# Set validation rules

Add some data validation steps to detect errors in your datasources sooner.

When a new data file is dropped through the studio or extracted during preprocess, it can be validated. You can check the data types of the columns, the number of rows of a data set, the presence of some required columns, that there is no duplicated rows, etc.

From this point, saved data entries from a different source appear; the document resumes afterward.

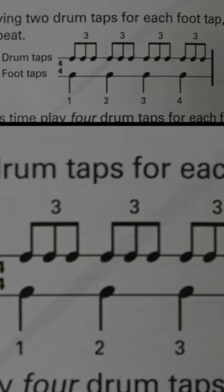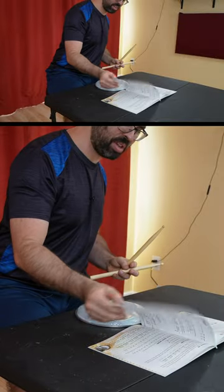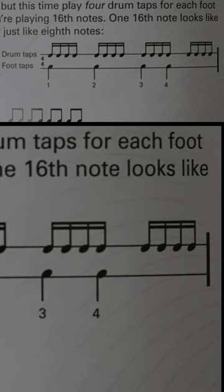We're getting into triplets already — what is it, page three? I didn't learn what triplets were until like a year after I had been playing drums. And then we got 16th notes right away.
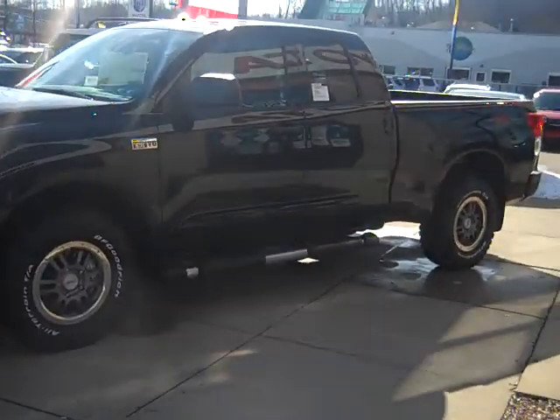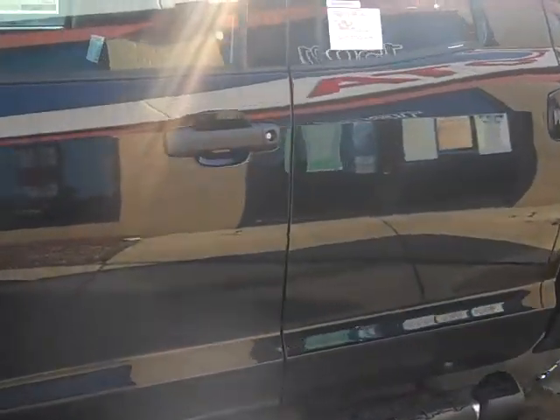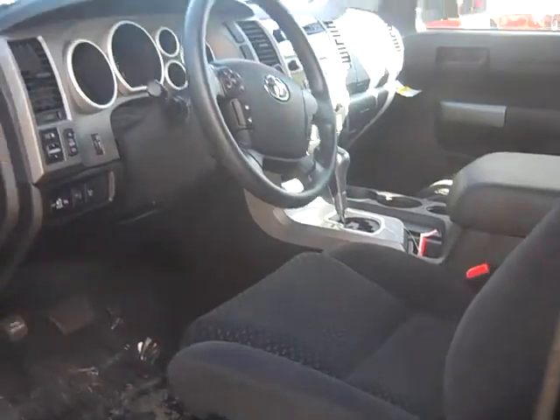This is the Tundra Rock Warrior that we spoke about the other day. As you can see, a very sharp truck. The interior is also black on this.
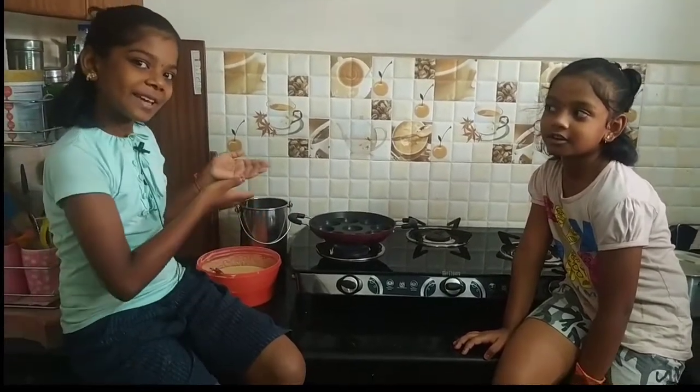Friends, what are we going to talk about today? We are going to talk about how we are doing this. We are going to talk about the video in the description box. Let's see how we are doing this!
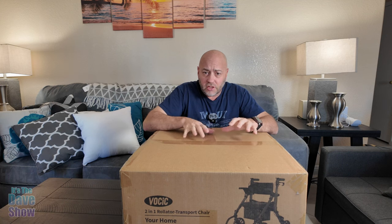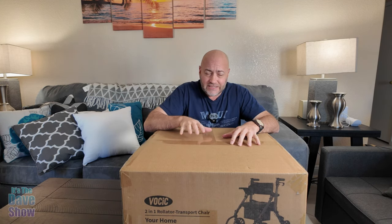Welcome to The Dave Show. My name is Dave and today I'm here to talk about this two-in-one walker and wheelchair. They actually call it a transfer chair. It's really cool. This is by VOCIC.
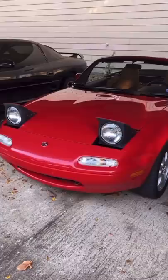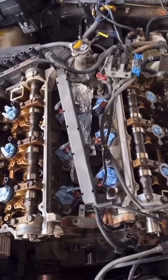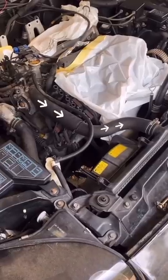Car Systems Explained Part 2. Whenever you start the car, the water pump begins to spin, which cycles coolant around the engine until the car warms up, at which point the thermostat opens up, letting coolant flow to the radiator through the upper radiator hose.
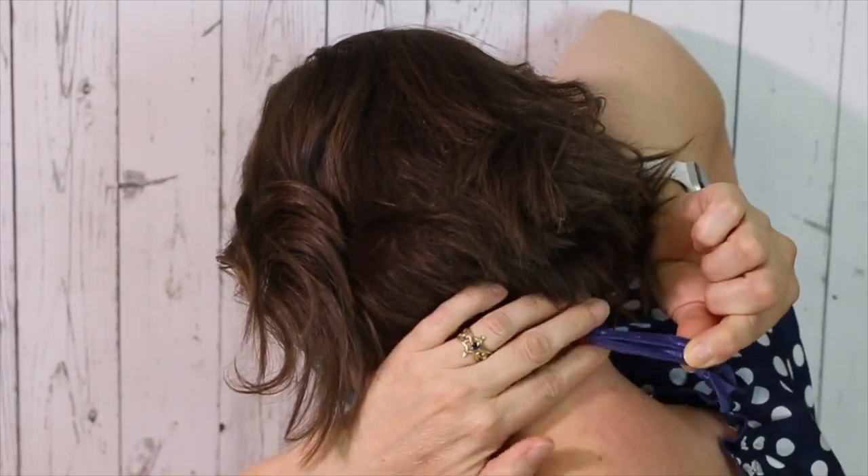Now tuck on the tails of the strap until it's comfortable. Adjust your hair over the straps. Now you go rock that great hair today, you hear me?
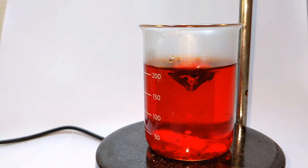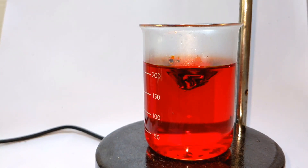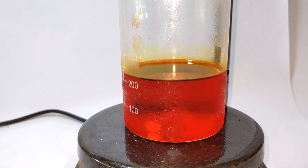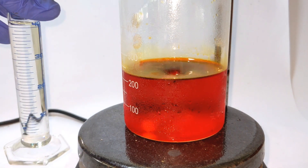Chromium trioxide, or chromic acid, is a very strong oxidizing agent which is corrosive as well as carcinogenic, so be extremely cautious while handling this chemical. The solution was then transferred to a bigger beaker and cooled down to around 0°C.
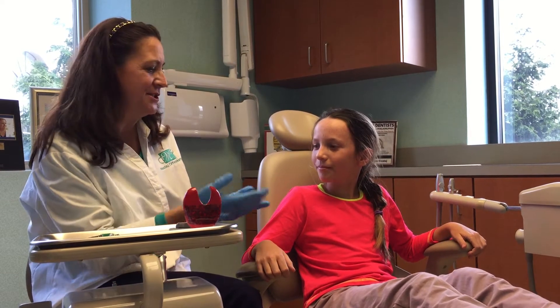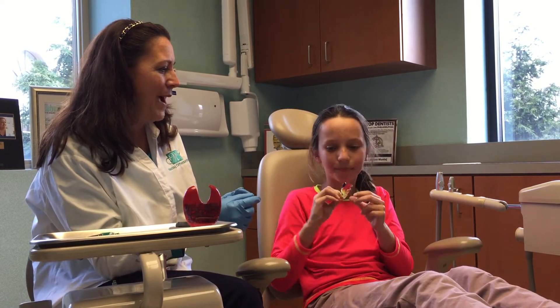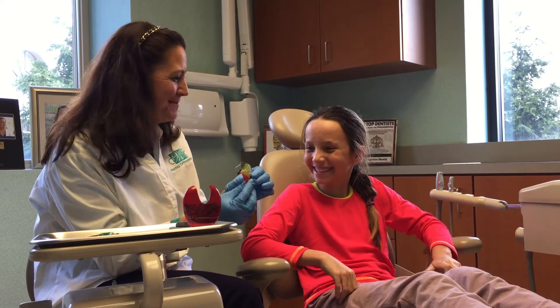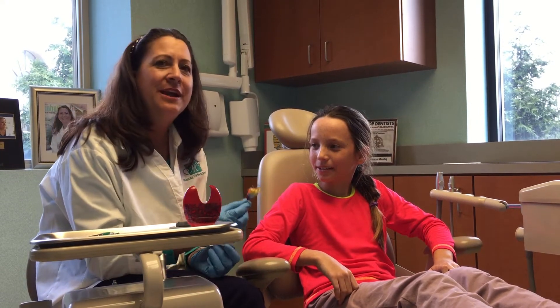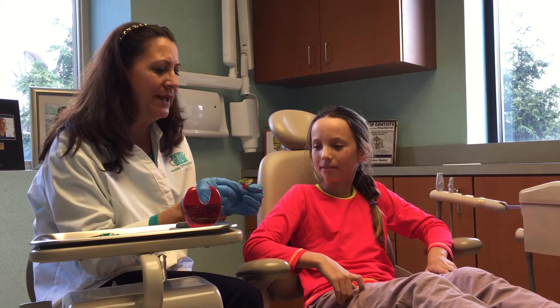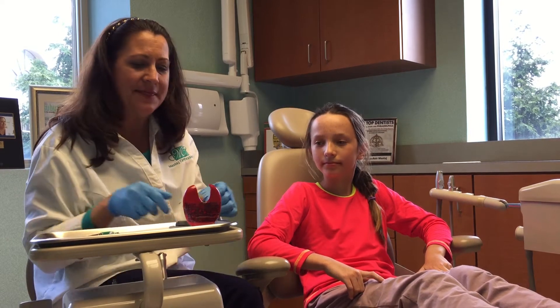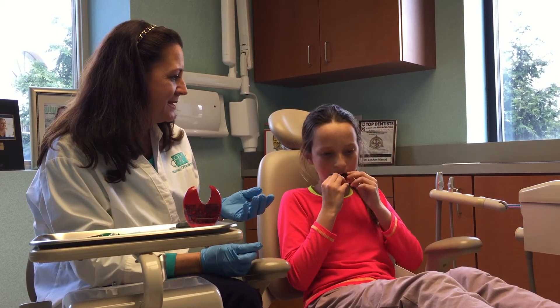Now Zoe's in a retainer, so let me see a retainer, Zoe — take it out. Wow, that's so colorful. Look, it's rainbow. That's great. Zoe comes in for retainer checks about every three months, and we adjust the retainer. She just wears this to bed at night. And on the bottom, she has a Schwartz.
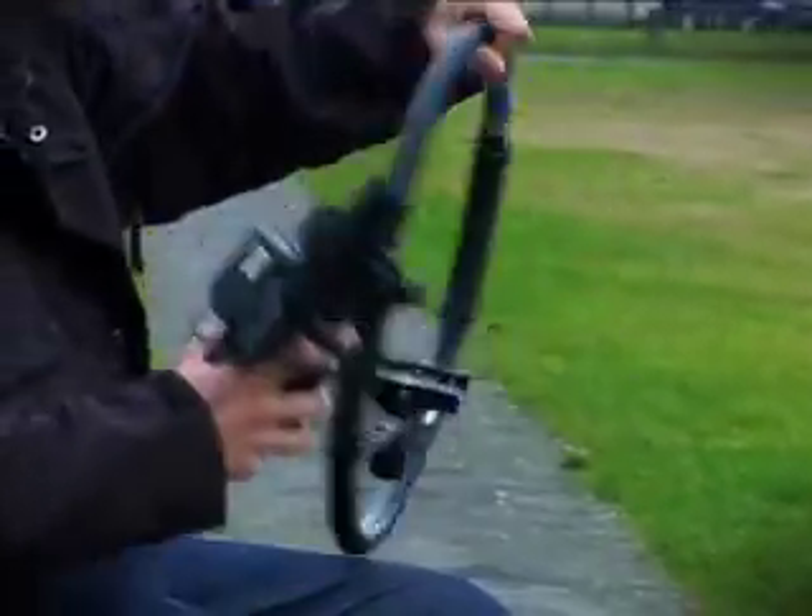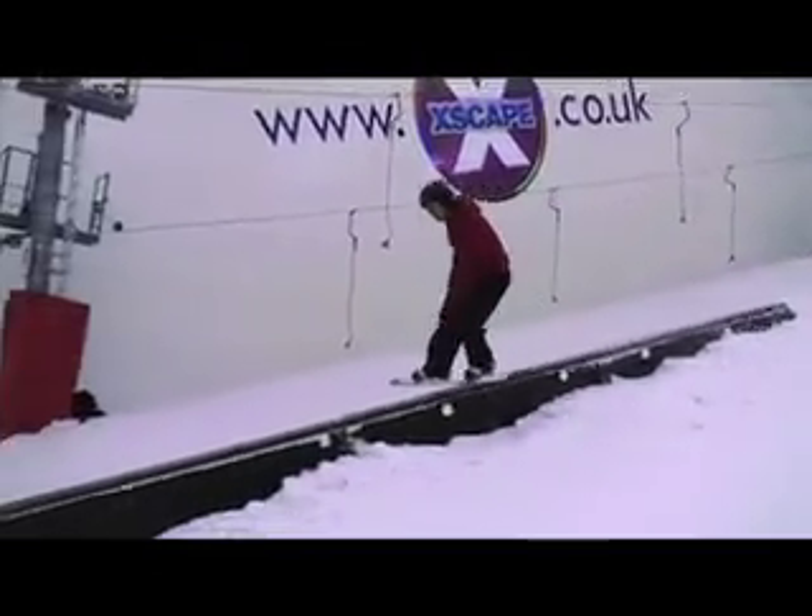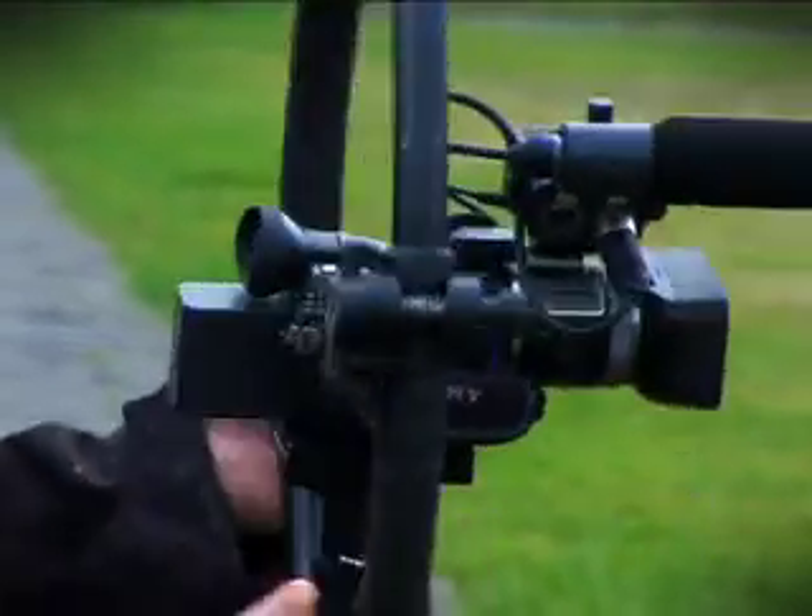I've been lucky enough to have found this. It's a Manfrotto Fig Rig. It was designed by Mike Figgis, the director, and it's been manufactured and sold by Manfrotto. It's essentially a solid frame to enable you to get a bit more stability and a wider grip on a small camera.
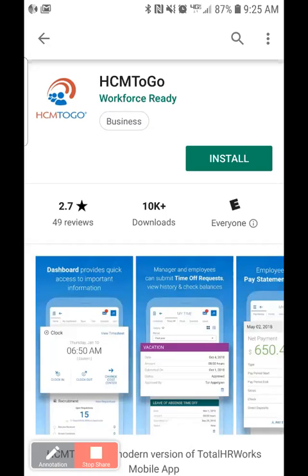Hi and welcome to BeyondPay's review of how to download the mobile app for WorkforceReady. You have two apps to choose from: HCM2Go and Kronos WorkforceReady. Both of these apps will function the same; however, HCM2Go does offer the ability to brand it to your company.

The list of validation rules for data files are defined inside the *etl\_config.cson* file under the *validation* key.

### Example

```
domain: "market-breakdown"
type: "excel"
file: "data-market-breakdown.xls"
sheetname: "Data"
validation:[
  type: "data_type"
  expected:
    "breakdown": "string"
    "pays": "string"
    "part": "number"
    "clients": "number"
,
  type: "pattern"
  expected: "[0-9]+"
  params:
    columns: ['metric']
]
```

### Rows

Check the number of expected rows.

Keys:

* type: ‘rows’
* expected: (number) number of expected rows

### Columns

Ensure that a given list of columns is a subset of the dataset’s columns

Keys:

* type: ‘columns’
* expected: (list(str)) columns you expected to find

```
type: 'columns'
expected: ['metric', 'target']
```

### Unique values

Ensure that the list of unique values of a given column corresponds exactly to a list of expected values.

Keys:

* type: ‘unique\_values’
* expected: (list) unique values
* params:
* column: (string) column name

```
type: 'unique_values'
expected: ["France", "Germany", "Spain"]
params:
    column: 'target'
```

### No duplicates

Duplicated rows can be assessed based on all the columns or only a subset of columns.

Keys:

* type: ‘no\_duplicates’
* params:
* columns: (list or string) list of columns to use or ‘all’

```
type: 'no_duplicates'
params:
    columns: ['metric']
```

### Value

Check the value of a column (one value only). If the query returned more than one row, only the first one will be used.

Keys:

* type: ‘value’
* expected: (string or number) expected value
* params:
* column: (string) in which to check the value

```
type: 'value'
expected: 30
params:
    column: 'target'
```

### Data type

Check column data types. Three possible types: *number*, *string*, *date*, or *category*.

Keys:

* type: ‘data\_type’
* expected: : <’string’, ‘number’, ‘date’, or ‘category’>

```
type: 'data_type'
expected:
    'metric': 'number'
    'target': 'number'
```

### Pattern

Check if string values correspond to a defined pattern

Keys:

* type: ‘pattern’
* expected: pattern/regex as a string
* params: object with a *columns* key: the list of columns to check.

```
type: 'pattern'
expected: '[0-9]+'
params:
    columns: ['metric']
]
```

### Not null

Check if some columns don’t have null value.

Keys:

* type: ‘not\_null’
* params: object with a *columns* key: list of columns.

```
type: 'not_null'
params:
    columns : ['zone']
```

**Tutorial : Product Corporation**

> You can download the CSV file for our tutorial.
>
> [data-product-corporation.csv](https://github.com/ToucanToco/doc_example/blob/master/data_sources/data-product-corporation.csv)
>
> * Add validation for your datasource in etl\_config.cson
>
>   ```
>   DATA_SOURCES: [
>    {
>      domain: 'data-product-corpo'
>      file: 'data-product-corporation.csv'
>      skip_rows: 0
>      separator: ','
>      encoding: 'utf-8'
>      type: 'csv'
>      validation:[
>     type: 'rows'
>     expected: 46
>      ,
>     type: 'columns'
>     expected: ['brand', 'country', 'product_line']
>      ]
>    }
>   ]
>   ```
> * Drag and drop your new etl\_config.cson in the `CONFIG FILES` page
> * Go to your ‘DATA SOURCES’ page and drop your datasource.
> * Validation should be ok. If not, the file is not uploaded.